INPUT START

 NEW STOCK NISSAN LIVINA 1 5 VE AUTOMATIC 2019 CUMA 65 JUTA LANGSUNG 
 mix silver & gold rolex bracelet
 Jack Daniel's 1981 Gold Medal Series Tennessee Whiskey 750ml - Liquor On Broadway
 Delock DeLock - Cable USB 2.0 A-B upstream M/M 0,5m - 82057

INPUT END
INPUT START

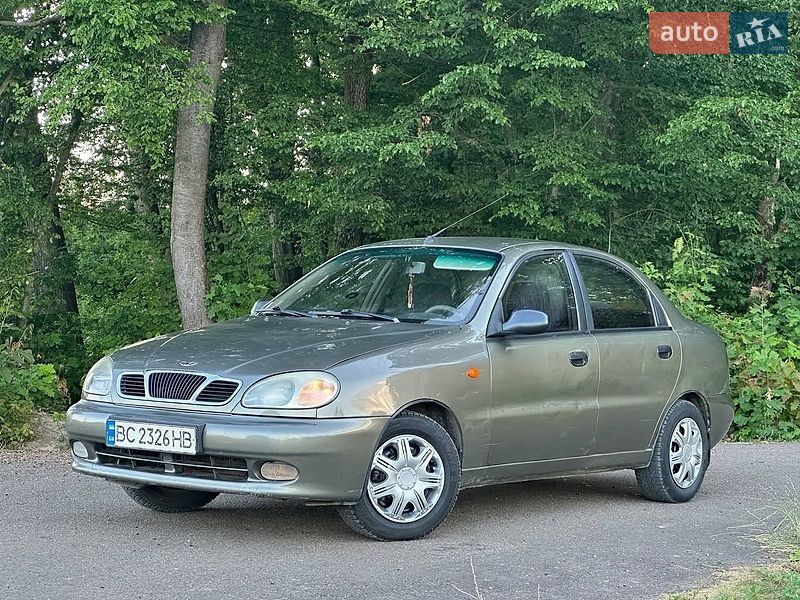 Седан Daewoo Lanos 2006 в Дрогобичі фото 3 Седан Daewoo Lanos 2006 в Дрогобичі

INPUT END
INPUT START

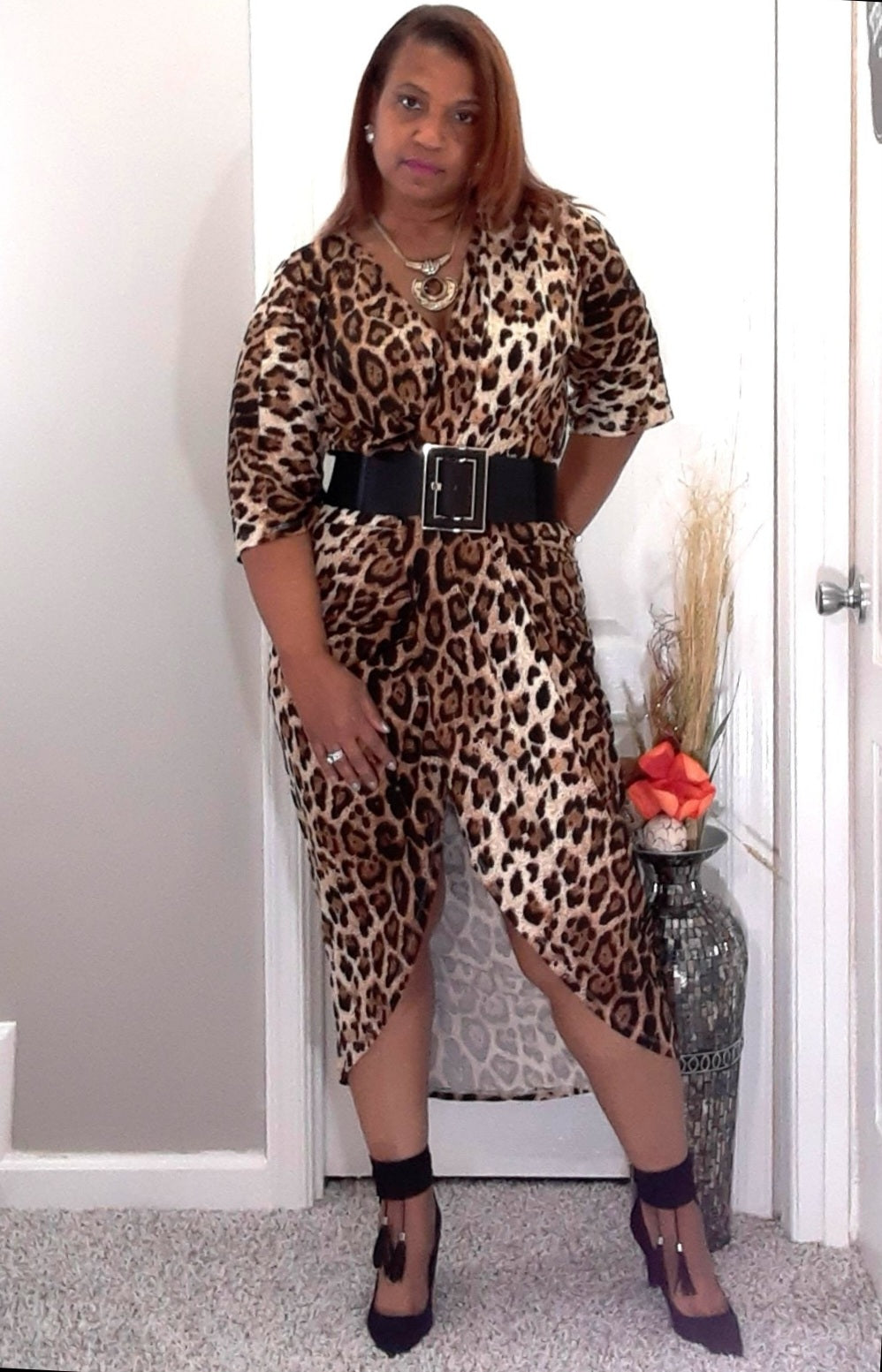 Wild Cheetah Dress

INPUT END

When you reach the line with "NEW STOCK NISSAN" in the records above, start writing out lines exactly, and stop once the line with "Delock DeLock - Cable" has been written; include nothing else.

SOLVED EXERCISE.
 NEW STOCK NISSAN LIVINA 1 5 VE AUTOMATIC 2019 CUMA 65 JUTA LANGSUNG 
 mix silver & gold rolex bracelet
 Jack Daniel's 1981 Gold Medal Series Tennessee Whiskey 750ml - Liquor On Broadway
 Delock DeLock - Cable USB 2.0 A-B upstream M/M 0,5m - 82057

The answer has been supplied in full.